Use this flow when your users already have Airwallex Business Accounts and want to connect them to your platform. This enables your application to access their Airwallex account data and perform operations on their behalf.

Before you begin

Before implementing OAuth, ensure you have:

Create the authorization flow

To enable users to authorize your application, implement a "Connect to Airwallex" button that initiates the OAuth flow.

  1. Add a "Connect to Airwallex" button to your user interface.

  2. Configure the button to redirect users to the Airwallex OAuth authorization URL with your application parameters:

    text
    1https://demo.airwallex.com/oauth/authorize?response_type=code&client_id=<YOUR_CLIENT_ID>&redirect_uri=<YOUR_REDIRECT_URI>&state=<YOUR_STATE>&scope=<REQUESTED_SCOPE_1>+<REQUESTED_SCOPE_2>

    Replace placeholders with your actual values. The state parameter prevents CSRF attacks - generate a unique value for each authorization request and validate it on callback.

    Connect to Airwallex

  3. Direct users through the Airwallex login and authorization process.
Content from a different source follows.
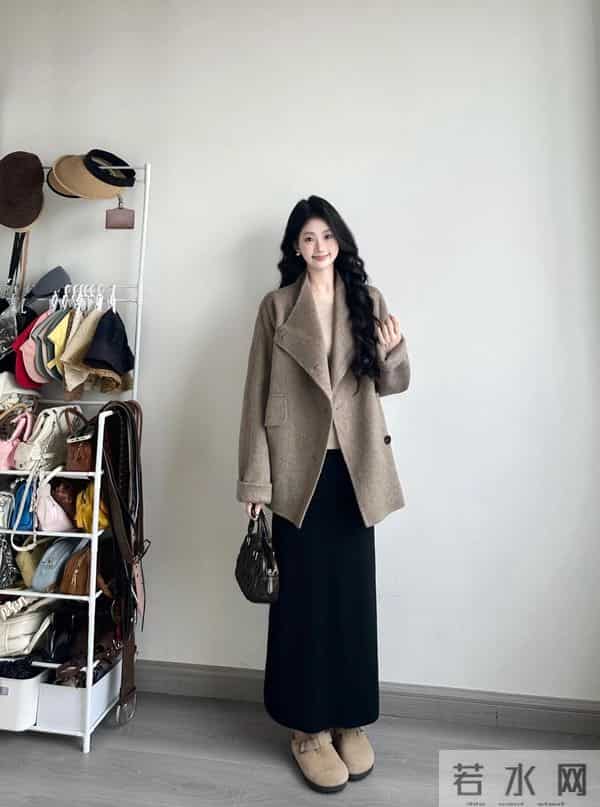 初冬大衣+半裙，高级时髦太美了！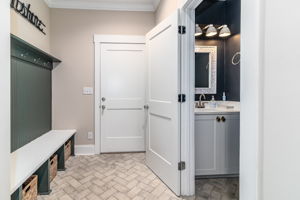 Mudroom/Powder Room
Users will be directed to log in to their Airwallex account, choose the account they wish to connect, and review the permissions your application is requesting.

Airwallex login

Choose an account

OAuth page

After authorization, Airwallex redirects users back to your redirect URI with an authorization code and state parameter:

text
1https://<YOUR_REDIRECT_URI>/?code=<AUTH_CODE>&state=<YOUR_STATE>

If the user declines authorization, Airwallex redirects back with an error parameter instead:

text
1https://<YOUR_REDIRECT_URI>/?error=access_denied&state=<YOUR_STATE>

Redirect URIs must be whitelisted for security purposes. Attempting to use a non-whitelisted redirect URI will result in an error.

Exchange authorization code for tokens

To obtain access and refresh tokens, exchange the authorization code with the Airwallex OAuth server.

  1. Extract the authorization code from the redirect URL query parameter.

  2. Validate that the returned state parameter matches the value you generated in step 2 above.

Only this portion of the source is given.